Later in your posting you say:
> There is a problem with Beauty. Great work is often highly complex.
> Great old work is not only complex but removed semiotically
> (contextually)
> from the minds of the audience. That keeps them from really
> perceiving it
> and makes subjective projection their modality for judgment. They are
> often comfortable with their projections and thus "entertained" but it is
> a masturbatory experience rather than a dialogue.
For me personally, this is more to the point Ray, except that I would
re-language certain nuances of what you are conveying in this passage.
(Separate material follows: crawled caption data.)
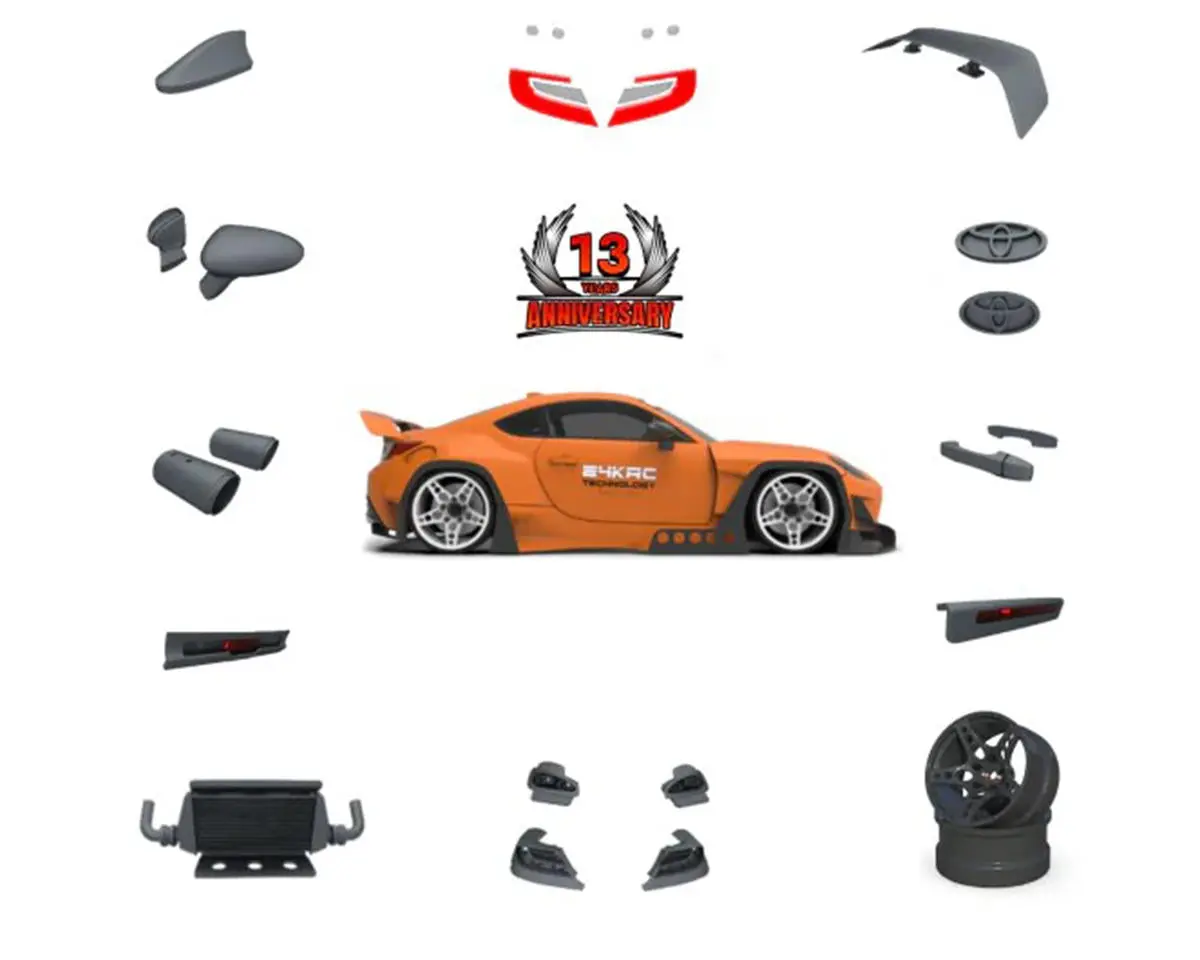 24K Rc Technology 1/10 13Th Anniversary Gr86 Full Drift Spec Body Set (Clear) (Limited Edition) 1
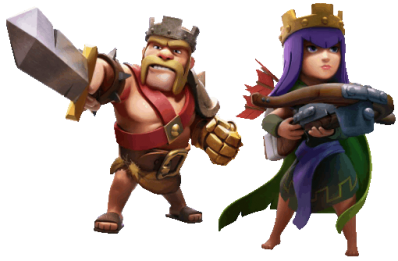 Heros clash of clans roi reine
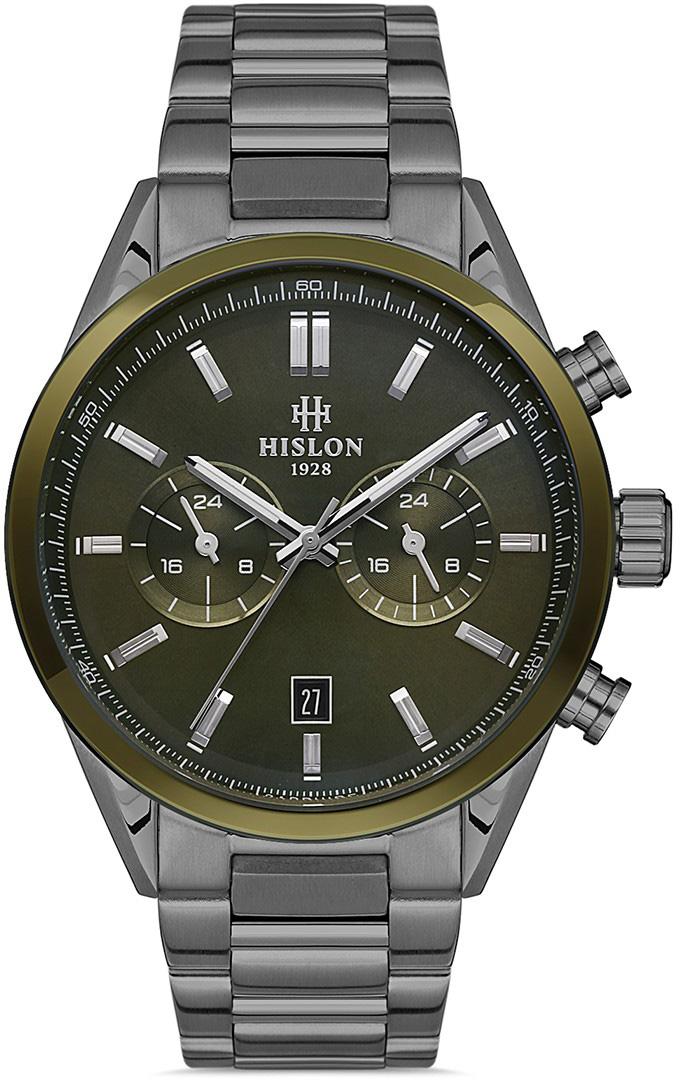 Hislon DT114T-15SN Pusulalı Takvimli Füme Çelik Kordon Analog Kol Saati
For example, I do not think the problem is with Beauty at all. Beauty is
Beauty --- a highly subjective experience. Either you are moved by
something or not. You know when you are---because you get chills or tears
or an "aha' or laughter or other deep-seated reactions that somehow shift
your state of awareness without even realizing until after the fact that
this has happened.
It is the capitalization or objectification or product-ification of Beauty
that fetishizes our experience of Soul and actually conditions us to
respond in masturbatorial ways---very close to a type of pornography,
where we distance ourselves from perceiving another as a human and see
them only as an object, thus removing ourselves from the experience of
them as a whole person. it is the difference between an object of art and
an artful experience. And you are quite right in view Ray, that there can
be no meaningful two-way dialogue if there exists a domination or
fetishization or objectification over someone or some event or some thing.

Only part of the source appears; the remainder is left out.